DeliberativePolling automates statistical analysis of survey data from Deliberative Polling experiments. It generates comprehensive comparison tables and reports across treatment groups, waves, and statistical weights.

Input: .sav files with survey data (from Jamovi, SPSS, or other compatible software)
Output: Statistical tables (.xlsx) and reports (.docx)

Developed by the Stanford Deliberative Democracy Lab.


Quick Start

# Install
pip install git+https://github.com/stanford-ddl/DeliberativePolling.git

# Run analysis
python3
>>> from DeliberativePolling import outputs
>>> outputs("your_data.sav")

Done!
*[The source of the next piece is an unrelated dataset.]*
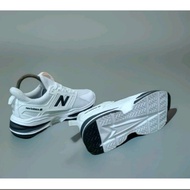 PUTIH New BALANCE White Shoes Adult Men/ Women premium quality Jogging Shoes/ free box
Check the Outputs/ folder for results.


Features

  • ✅ Automated statistical comparisons (χ² tests, t-tests)
  • ✅ Handles nominal and ordinal variables based on SPSS metadata
  • ✅ Multiple waves (pre/post, T1/T2/T3, etc.)
  • ✅ Treatment vs control group comparisons
  • ✅ Generates tables for every combination of nominal variable and weight
  • ✅ Uses SPSS value labels and column labels for organization and output

How It Works

The package reads SPSS metadata (variable measures, value labels, column labels) to:

  1. Identify variable types: Uses "Measure" settings (Nominal, Ordinal, Scale)
  2. Slice by nominal variables: Creates separate output folders/files for each nominal variable
  3. Generate crosstabs: For each ordinal variable, creates crosstabs sliced by each nominal variable
  4. Apply weights: Produces separate analyses for each weight variable (unweighted + any columns with "weight" in the name)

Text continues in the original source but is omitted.